During Mayor DeBlasio’s campaign, he made the commitment to ban horse and carriage rides in NYC due to the inhumane treatment of the horses. The animal organization PETA has reported every year the number of accidents with horse-drawn carriages increases and the only way to stop this trend is to ban the practice altogether. The practice according to PETA is outdated and the conditions in which the horses are forced to work under are inhumane. However, the counter argument given by the carriage workers is legitimate as this will translate into a loss of work for them and ridding the city of one of its oldest tourist attractions.
The horsedrawn carriage ride dates back to 1858 when Central Park was open to the public. During that time, horses were the main mode of transportation so this practice was not a tourist attraction or thought of as inhumane. The tourism based carriage rides did not come into practice until 1863 where a ride was a meager $.25 a passenger. Unfortunately this 156-year tourist attraction may soon be something to read about as DeBlasio believes NYC is no home for horses.
PETA argues the very conditions of a big city such as loud noises, cars, fumes and congestion are the very things that spook horses. When horses are spooked, they will run off and this can lead to accidents with cars or pedestrians, either way causing harm to the animal. PETA also contends when the work horses are too old, too worn down or sick they are not put out to pasture on a ‘horse heaven’, they are slaughtered for animal food or shipped to other countries. Anyone interested in saving the horse-drawn carriage rides are urged to contact their state legislators.
DeBlasio is confident that the bill, drawn this week will pass as many lawmakers agree that this inhumane treatment of horses should be banned. However, the eco-friendly practice is not only supported by the Horse & Carriage Association of New York’s workers but some Hollywood celebrities are supporting the century old NYC tradition as well.
The going rate right now for a 45-50 minute horse-carriage ride can cost you an average of $110 and incidentals such as pictures, roses, and champagne are extra. However, for a century long tradition at the threat of ‘extinction’ it may be a good investment for not only tourist but for locals alike.

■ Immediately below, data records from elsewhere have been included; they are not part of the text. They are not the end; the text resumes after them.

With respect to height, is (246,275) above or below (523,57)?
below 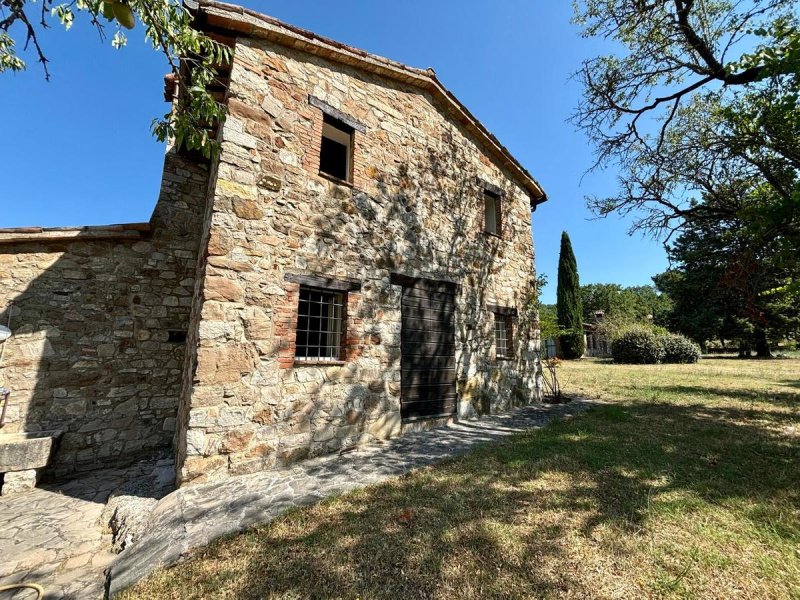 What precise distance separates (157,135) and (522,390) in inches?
350

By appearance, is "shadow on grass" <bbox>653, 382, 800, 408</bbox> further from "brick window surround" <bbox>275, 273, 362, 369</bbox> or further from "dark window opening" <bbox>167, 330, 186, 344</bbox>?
"dark window opening" <bbox>167, 330, 186, 344</bbox>

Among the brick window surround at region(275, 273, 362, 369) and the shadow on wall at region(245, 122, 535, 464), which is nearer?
the brick window surround at region(275, 273, 362, 369)

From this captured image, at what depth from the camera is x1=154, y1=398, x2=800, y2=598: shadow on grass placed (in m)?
2.34

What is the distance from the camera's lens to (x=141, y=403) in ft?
19.5

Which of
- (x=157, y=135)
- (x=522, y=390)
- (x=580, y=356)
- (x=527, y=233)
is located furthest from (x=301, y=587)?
(x=580, y=356)

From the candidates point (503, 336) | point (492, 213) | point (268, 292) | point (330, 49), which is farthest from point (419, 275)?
point (330, 49)

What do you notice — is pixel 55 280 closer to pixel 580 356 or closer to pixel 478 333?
→ pixel 478 333

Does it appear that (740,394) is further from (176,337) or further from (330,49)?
(176,337)

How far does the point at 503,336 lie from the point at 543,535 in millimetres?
6205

It seems DeBlasio is not the first mayor to ban the practice as nine other cities have done the same, New Jersey included. The countdown has started for any hopeless romantic interested in a horsedrawn carriage proposal should start planning now because this cliché romantic date may soon be a thing of the past. DeBlasio does not plan to leave to the tourist without a substitution however; he wants to replace the horses with electric cars. NYC may no longer be a home for horses, but the more cars, the merrier.